Human sensory experiences are remarkably rich. We can feel temperature changes, the sensation of dizziness, and the touch of a surface – these are all astonishing senses. The amount of work done to replicate these sensations in technology is immense and too vast to cover in a single article. Therefore, for simplicity, I will focus on motion perception. As mentioned earlier, Apple introduced an interaction method for its watches using finger pinching gestures. This motion sensing not only utilizes gyroscope data but also integrates signals from heart rate sensors, inferring results with the help of a vast amount of training data and artificial intelligence chips.


Many wearable devices can adopt this method for gesture recognition. This innovative human-computer interaction relies on high-precision sensors and advanced data processing algorithms to accurately identify and interpret human gestures and movements. The essence of this technology is to transform human actions into electronic signals, then analyze and understand them through machine learning and pattern recognition techniques.


MEMS sensors are particularly crucial in this field, widely used in wearable and mobile devices due to their small size and low energy consumption. These sensors can detect subtle gesture changes, like slight finger movements or palm rotations, converting these physical actions into digital signals. With tinyML technology, these devices can process this data in real-time without relying on high-performance computing resources, providing accurate gesture recognition.


Gesture recognition technology has significant applications in various fields. In smart homes, users can control various intelligent devices, such as lights, speakers, and even curtains, with simple gestures. In virtual reality (VR) and augmented reality (AR), this technology offers a more natural and intuitive way of interaction, enhancing the immersive experience. Additionally, gesture recognition plays a vital role in assistive technology, aiding individuals with communication or physical limitations in effectively interacting and controlling electronic devices.



Bangle.js is an open-source smartwatch offering a hackable approach for users to play with and personalize their watch. In the link provided, they showcase a method using TinyML for gesture learning. This allows you to control watch functions with gestures trained by yourself, enabling a highly customizable and interactive experience.
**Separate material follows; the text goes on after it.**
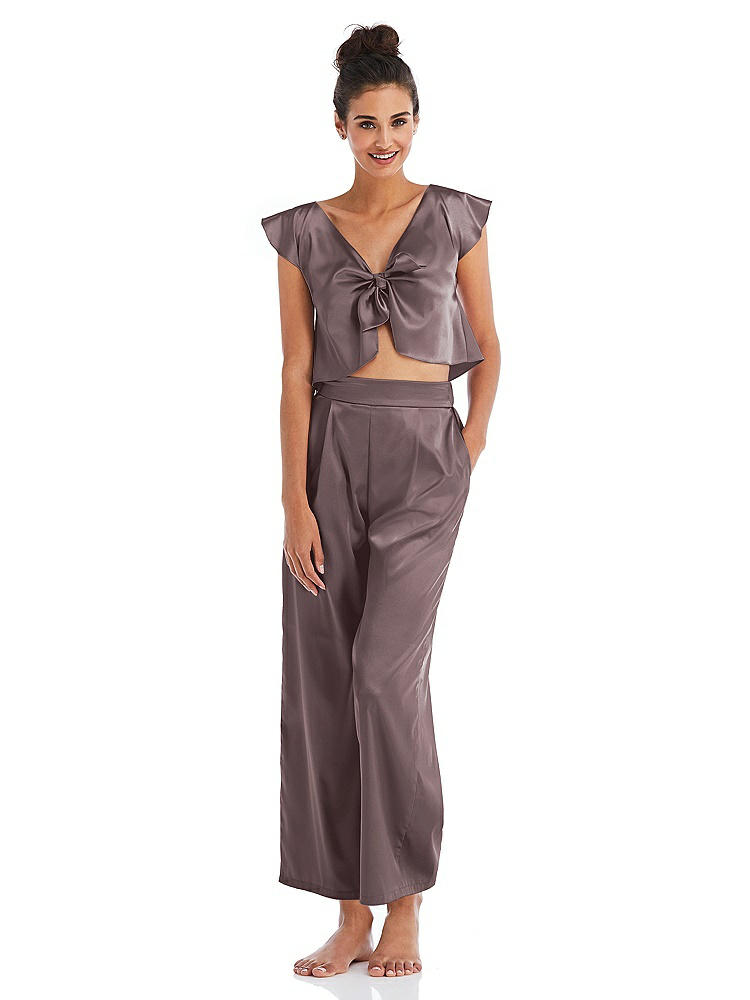 Front View - French Truffle Satin Ankle Wide-Leg Lounge Pants - Vic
Following this tutorial, you might even attempt to replicate the Apple Watch's finger pinching or fist clenching control methods.

Here is the link to their specific implementation method:

"Bangle.js and Edge Impulse for Machine Learning - Espruino."
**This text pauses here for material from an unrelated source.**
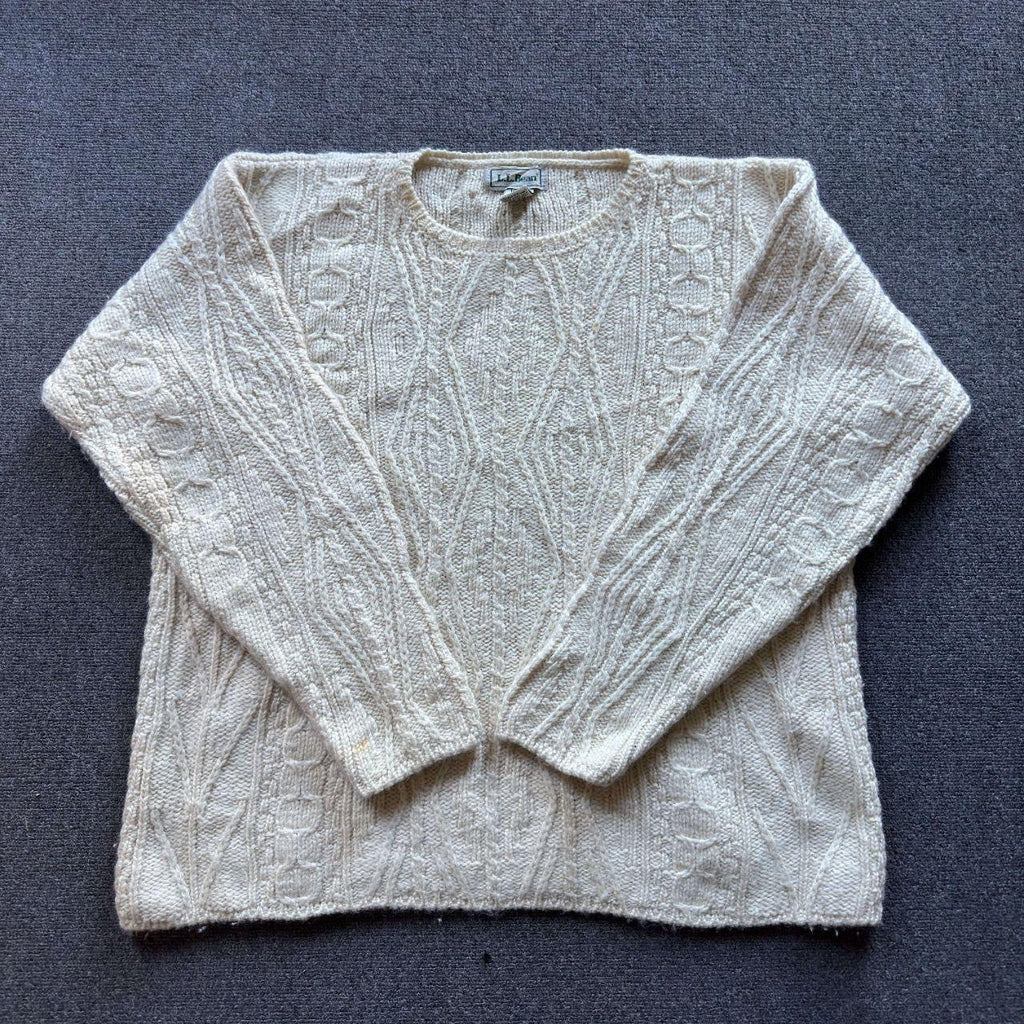 LL Bean Frisherman cream wool sweater Medium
If you find the above method challenging, I also recommend checking out this more basic tutorial based on ESP32 and TinyML:

"Gesture Classification with Esp32 and TinyML."



With the rapid advancement of TinyML technology, we can now implement complex machine learning applications on a variety of miniature devices. As demonstrated by the five TinyML projects discussed above, this technology has penetrated every aspect of our daily lives: from electronic tongues monitoring water quality to smartwatches recognizing gestures, from electronic noses analyzing odors to electronic ears identifying environmental sounds, and the application of machine vision in small devices. These innovations showcase TinyML's immense potential in edge computing and real-time data analysis.


Furthermore, TinyML's applications extend beyond portable and low-power devices, playing a crucial role in data privacy and reducing energy consumption. By processing data locally, TinyML minimizes the need for data transmission, thus lowering energy consumption and protecting user privacy. This is particularly important for applications with strict requirements for data security and energy efficiency.


Additionally, TinyML has invaluable applications in the industrial sector, with equipment fault detection and predictive maintenance being crucial.


In summary, TinyML is opening up a new world, enabling us to interact with our surroundings in unprecedented ways. As technology continues to advance, we can expect TinyML to bring more innovations and changes, making our lives smarter and more convenient.